→ Exercise directions
Copy every entry below verbatim, except for images.
BEGIN
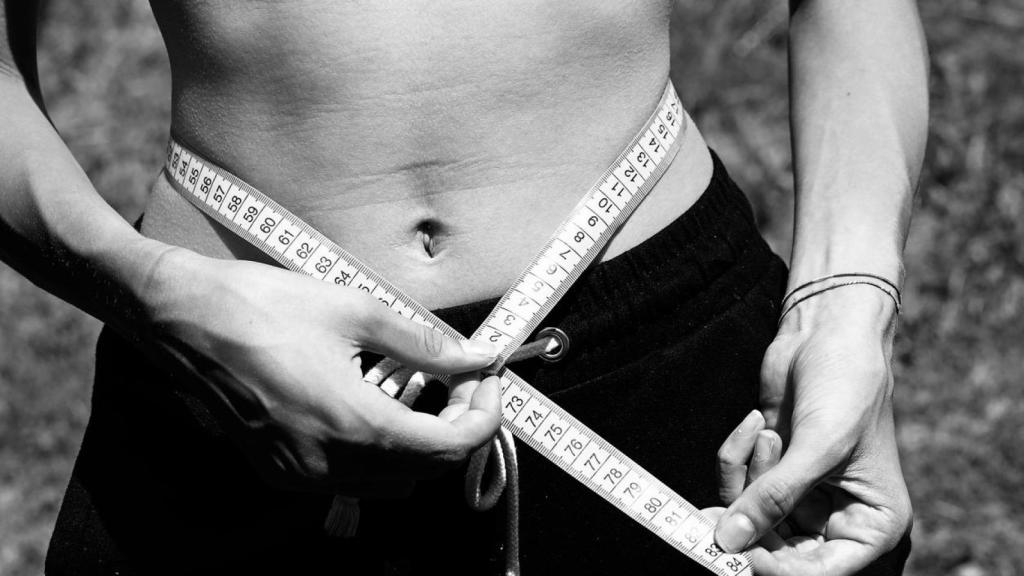 Imagen de archivo de una mujer midiéndose la cintura.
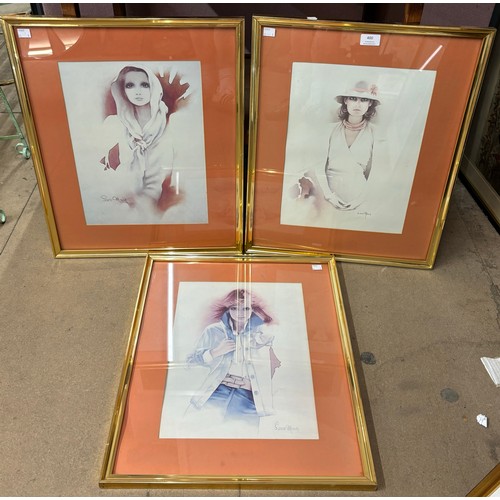 253 - A set of three Sarah Moon prints, framed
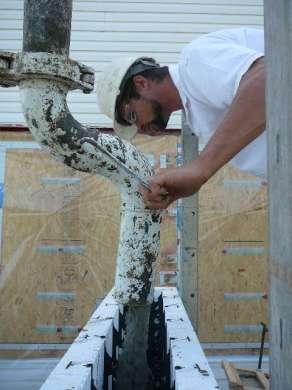 A pumper is used to place the concrete into the foam form walls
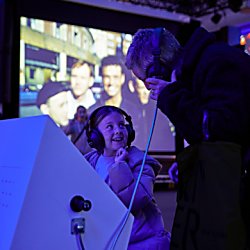 A child and an adult standing listening to something with headphones on, there's a large digital screen behind them.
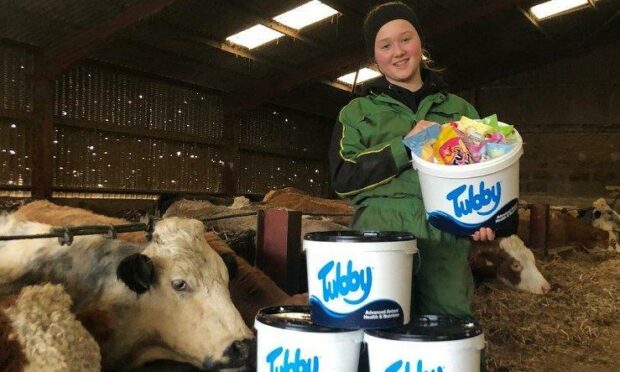 Isla Henderson with her prizes from the Tubby drawing competition.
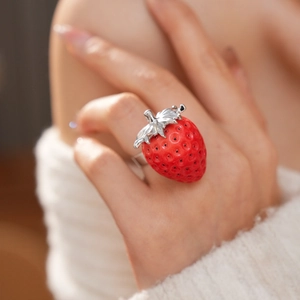 Dettaglio dell'anello a fragola in resina rossa con strass e fascia in metallo argentato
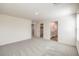 Open-layout primary bedroom features soft carpet with an ensuite bath and walk-in closet enhancing comfort and convenience at 2637 Begonia Falls Ave # 87, North Las Vegas, NV 89081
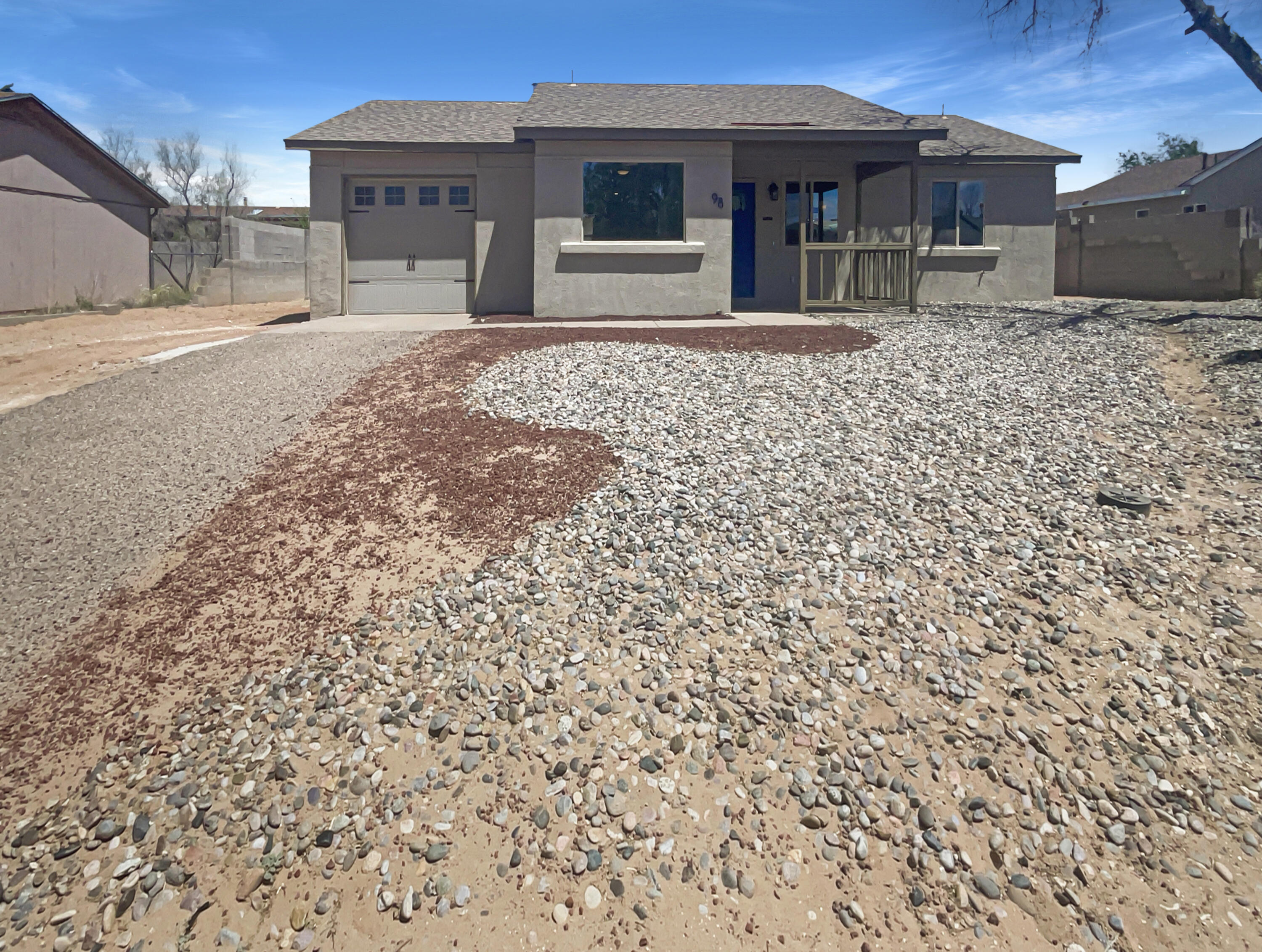 This Rio Rancho one-story home offers quartz countertops, and a one-car garage.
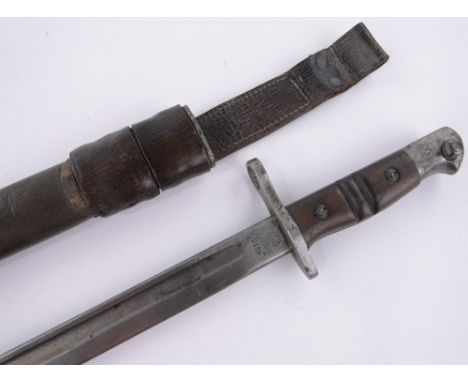 An American Remington First War period sword bayonet,dated 1913, blade length 43cm, original leather covered scabbard.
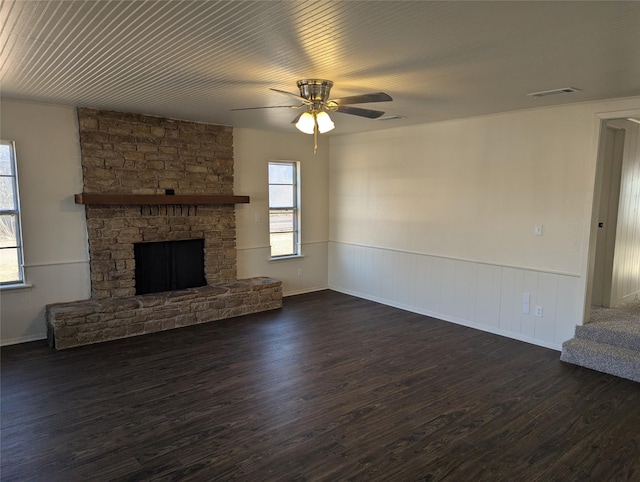 unfurnished living room featuring ceiling fan, dark hardwood / wood-style flooring, and a stone fireplace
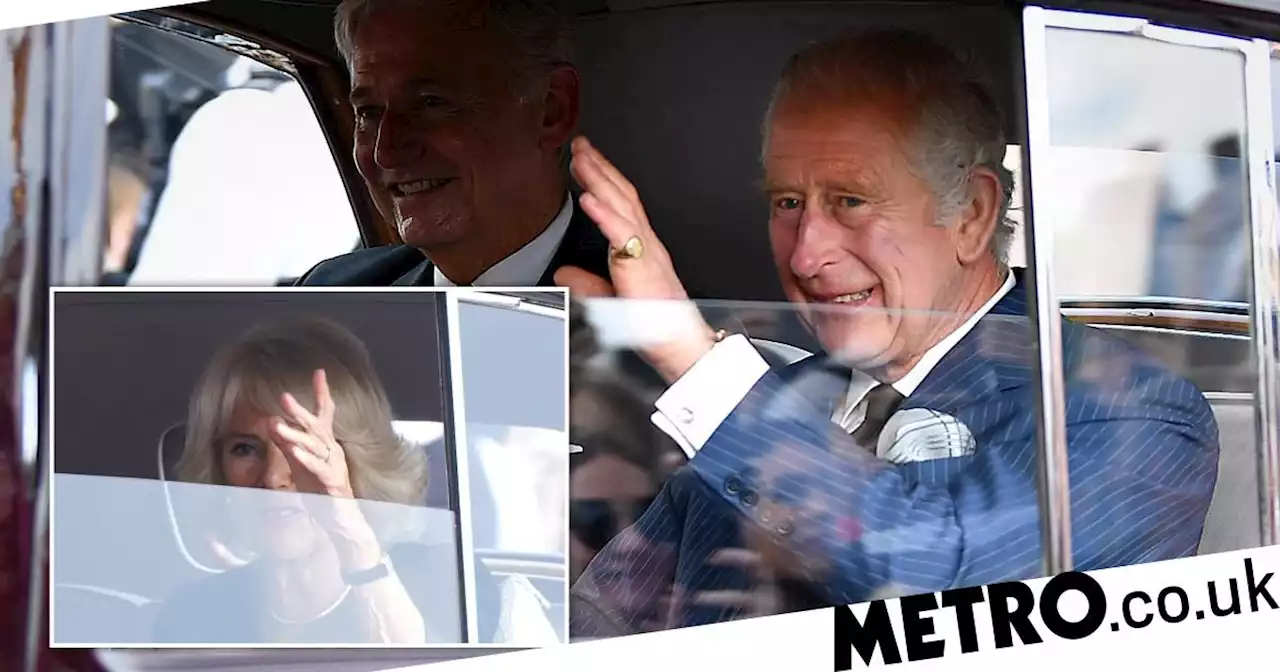 King Charles and Queen Consort Camilla wave to crowds outside Buckingham Palace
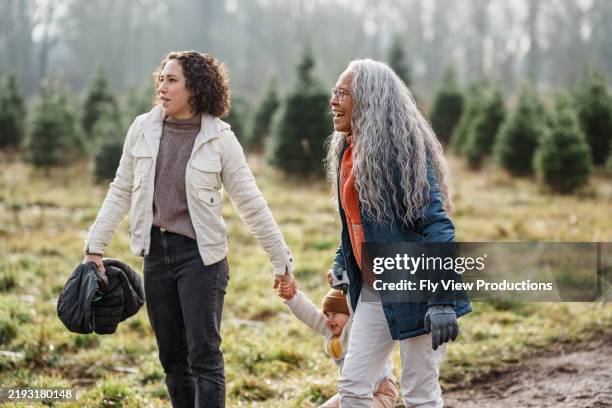 multi-generation family visiting you-cut christmas tree farm - grandmother walking stock pictures, royalty-free photos & images
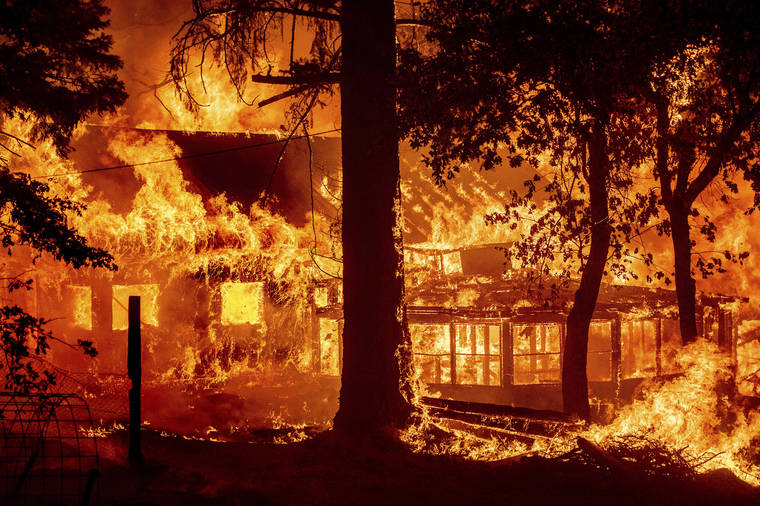ASSOCIATED PRESS
                                Flames from the Dixie Fire consume a home in the Indian Falls community of Plumas County, Calif., on Saturday. The fire destroyed multiple residences as it tore through the area.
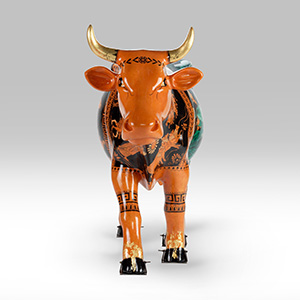 Orange cow sculpture facing forward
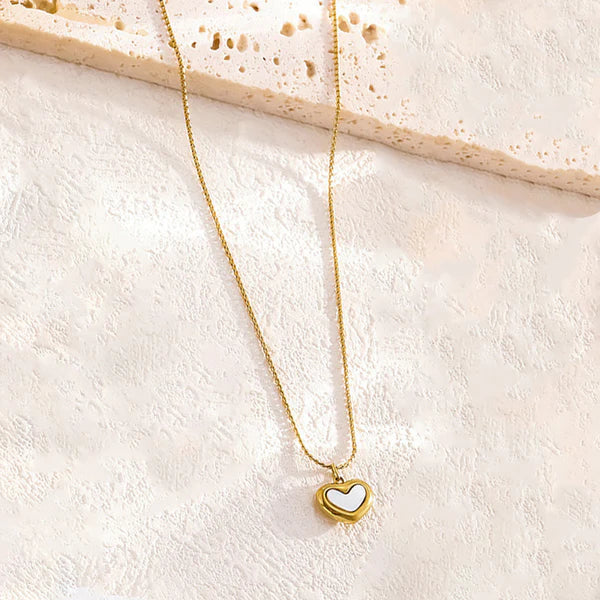 Adore You necklace with by everray on a textured beige surface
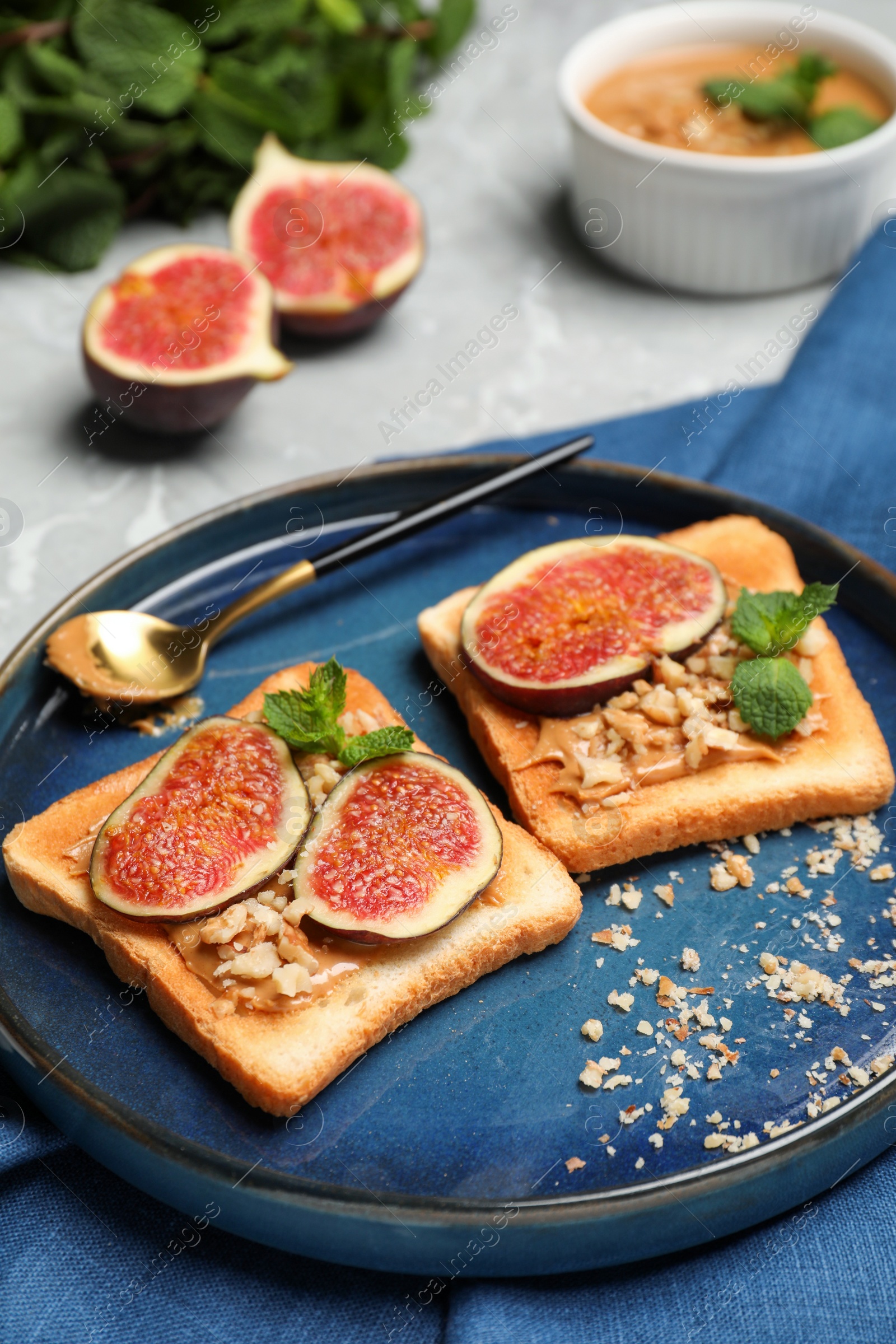 Photo of Tasty toasts served with fig, peanut butter and walnuts on light grey marble table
END
→ Exercise output
 Imagen de archivo de una mujer midiéndose la cintura.
 253 - A set of three Sarah Moon prints, framed
 A pumper is used to place the concrete into the foam form walls
 A child and an adult standing listening to something with headphones on, there's a large digital screen behind them.
 Isla Henderson with her prizes from the Tubby drawing competition.
 Dettaglio dell'anello a fragola in resina rossa con strass e fascia in metallo argentato
 Open-layout primary bedroom features soft carpet with an ensuite bath and walk-in closet enhancing comfort and convenience at 2637 Begonia Falls Ave # 87, North Las Vegas, NV 89081
 This Rio Rancho one-story home offers quartz countertops, and a one-car garage.
 An American Remington First War period sword bayonet,dated 1913, blade length 43cm, original leather covered scabbard.
 unfurnished living room featuring ceiling fan, dark hardwood / wood-style flooring, and a stone fireplace
 King Charles and Queen Consort Camilla wave to crowds outside Buckingham Palace
 multi-generation family visiting you-cut christmas tree farm - grandmother walking stock pictures, royalty-free photos & images
ASSOCIATED PRESS
                                Flames from the Dixie Fire consume a home in the Indian Falls community of Plumas County, Calif., on Saturday. The fire destroyed multiple residences as it tore through the area.
 Orange cow sculpture facing forward
 Adore You necklace with by everray on a textured beige surface
 Photo of Tasty toasts served with fig, peanut butter and walnuts on light grey marble table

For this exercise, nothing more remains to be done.